At the same time, smaller cities have continued to attract new residents. The pandemic kicked off a wave of movement away from major centres, and many of those moves turned out to be long-term. Cities like Halifax, London, and Kelowna have seen sustained population growth. Many of the newcomers are renters, and their arrival has pushed demand and prices up.
It’s also worth noting that rent growth in smaller cities often starts from a lower base. That can make the increases look modest in dollar terms, but steep in percentage terms. And once prices reset upward, they rarely fall, even if local wages don’t keep pace.
A Bit of Historical Context
From the early 1990s through the 2010s, the gap between large and small cities grew steadily. Economic growth became more concentrated in a few urban centres. So did immigration, capital, and higher-paying jobs. Rents followed the same path.
CMHC data from the early 2000s shows that average rent in Toronto was about 35 percent higher than in Halifax, and about 25 percent higher than in Calgary. By 2019, that difference had grown to more than 50 percent.
City | 1990 | 1995 | 2000 | 2005 | 2010 | 2015 |
---|---|---|---|---|---|---|
Toronto | $557 | $660 | $832 | $889 | $952 | $1103 |
Vancouver | $566 | $641 | $695 | $788 | $941 | $1080 |
Calgary | $458 | $466 | $614 | $669 | $897 | $1126 |
Halifax | $485 | $506 | $545 | $629 | $737 | $840 |
Saskatoon | $363 | $381 | $443 | $479 | $768 | $898 |
There used to be a clearer tradeoff. Big cities came with higher salaries, but they also came with higher costs. Smaller cities offered more affordable housing, even if job opportunities were fewer. That basic logic held for years.
It doesn’t hold as well now. Rents in smaller cities have outpaced income growth. And while some big cities have seen prices flatten or fall slightly, they haven’t become more affordable in any meaningful way.
The List of Affordable Cities is Shifting
For years, rent levels followed a kind of internal logic. Big cities were expensive, but they offered density, transit, job markets, and all the things that made the cost feel at least somewhat justifiable. Smaller cities were cheaper, but you gave up a few of those perks in exchange for lower rent.
That logic is changing. If rent is rising everywhere, does the idea of “affordable cities” still mean anything, or are we just watching the old list get reshuffled?
Cities like Halifax, Calgary, and Kelowna have seen rapid increases in asking rents over the past few years. They’re no longer the budget-friendly alternatives they once were. But that doesn’t mean affordability has disappeared entirely. It just means the list of affordable cities is different now.

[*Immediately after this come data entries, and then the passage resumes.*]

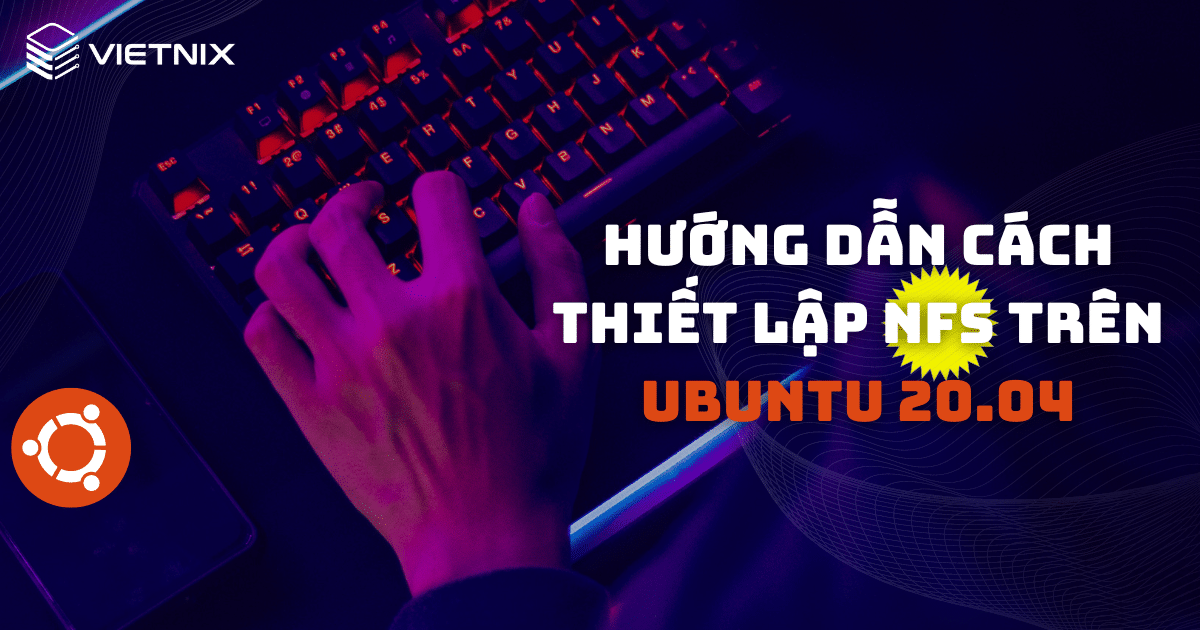 Hướng dẫn cách thiết lập NFS trên Ubuntu 20.04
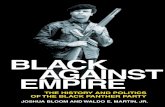 Black Against Empire: The History and Politics of the Black Panther Party by Joshua Bloom and Waldo E. Martin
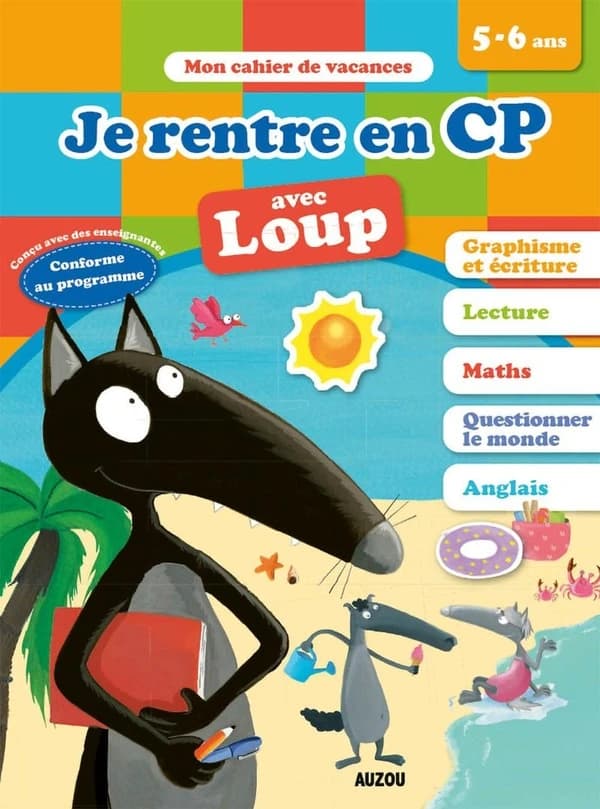 Cahier de vacances ; je rentre en CP avec Loup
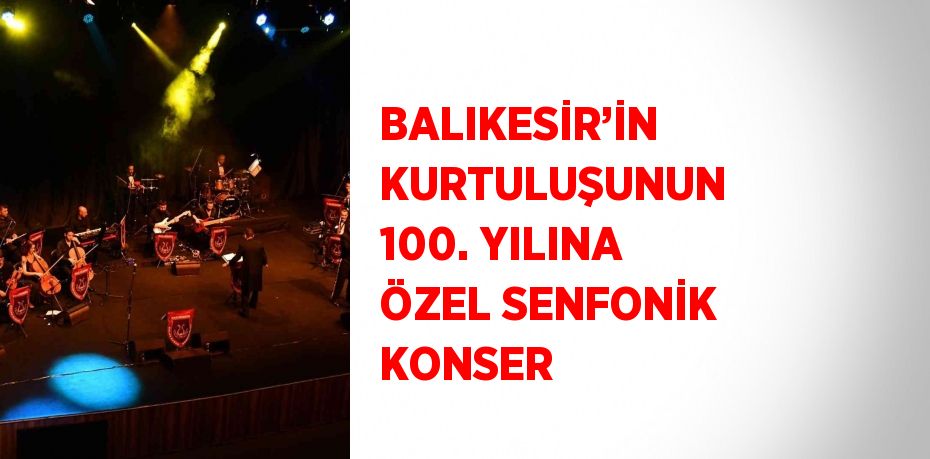 BALIKESİR’İN KURTULUŞUNUN 100. YILINA ÖZEL SENFONİK KONSER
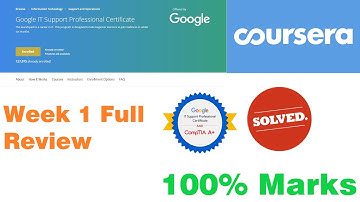 Coursera Google IT Support Professional Certificate Course | Week 1 Full Solved | 2020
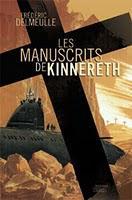 Les Naufragés de l'entropie. 2, Les Manuscrits de Kinnereth / Frédéric Delmeulle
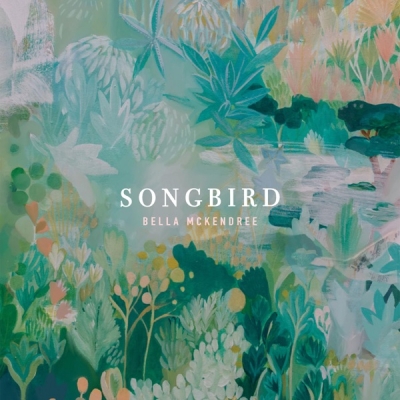 Bella McKendree - Songbird
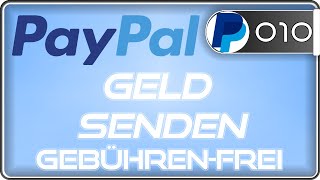 Mit PayPal Geld senden gebührenfrei an Freunde senden [upl. by Rehpinnej]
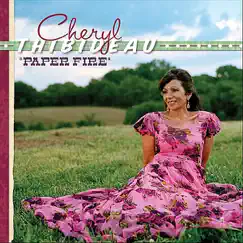 Paper Fire by Cheryl Thibideau album reviews, ratings, credits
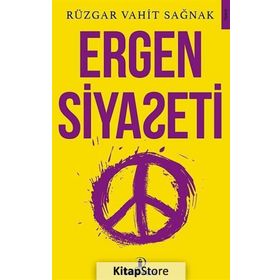 Ergen Siyaseti - Rüzgar Vahit Sağnak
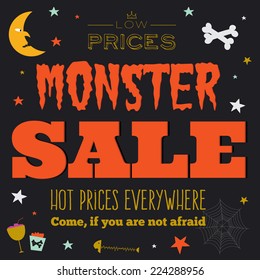 Bright trick or treat poster in vector. Stylish illustration with monsters halloween typographic. Poster design in hipster style. Happy Halloween party, kids. Hot prices everywhere.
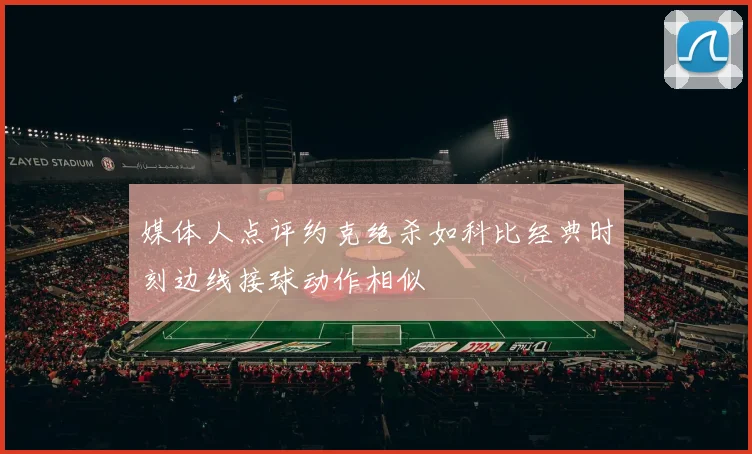 媒体人点评约克绝杀如科比经典时刻边线接球动作相似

Cities like Saskatoon, Winnipeg, and parts of Atlantic Canada still offer relative affordability. The composition of that list is changing, but the category itself still exists. It’s just narrower, and for many people, less conveniently located.
So the idea of the “affordable city” isn’t gone. But the places that fit the label have changed. And for renters, that means adjusting expectations, not just about price, but about where it’s still possible to find affordable rental options.